Peacock is set to release a new limited series, “I Love You, You Hate Me,” that documents the vicious backlash to the children’s educational show “Barney & Friends,” specifically the dark and hateful reactions to the titular host, Barney the Dinosaur.

Barney was originally created by Sheryl Leach, a Dallas schoolteacher. Leach noticed that her son had outgrown the children’s American songbook series, “Wee Sing Together,” and that there was no other children’s programming that appealed to her son.

Leach formed a team with The Lyon Group, an Allen-based production company, who created a series of home videos that would become “Barney and the Backyard Gang,” released in 1988.

The straight-to-video episodes were distributed locally to stores and schools before it was picked up and redeveloped by PBS, who went on to run the show “Barney & Friends” in 1992.

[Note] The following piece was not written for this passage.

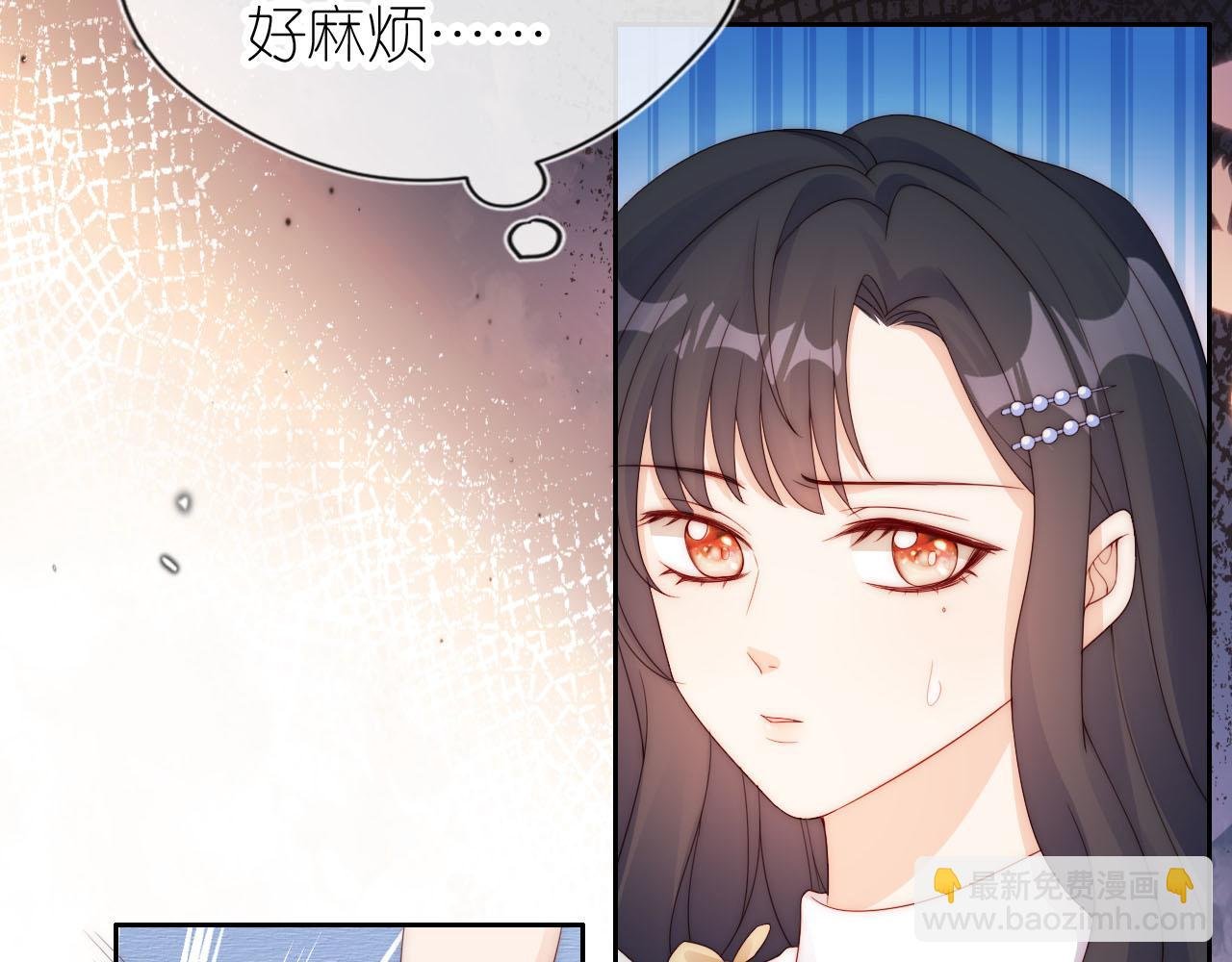 第17话 姐姐我来保护你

The show was taped at the Color Dynamics Studios facility in Allen, Texas, for several years. Production then moved to The Studios at Las Colinas in Irving, Texas, and then Carrollton, a suburb of Dallas.

Peacock’s new documentary series, “I Love You, You Hate Me,” will be released on the streaming service on October 12. The show will chronicle the history of the hit children’s educational show and the odd phenomenon of reactionary hate that it drew.

Actor Bob West starred as the friendly purple dinosaur and Variety reports the movie will feature accounts of the hate mail and death threats made against West and his entire family.

“They were violent and explicit, death and dismemberment of my family,” West said in the show’s trailer. “They were gonna come and find me, and they were going to kill me.”

The series’ synopsis states that the show will focus on the “furious backlash — and what it says about the human need to hate. From Barney-bashing to frat parties to homicidal video games, something in American society broke into a million pieces, and it’s never been put together again … or is this just who we were all along?”

This two-part series is produced by Scout Productions, the company behind Netflix’s “Queer Eye.”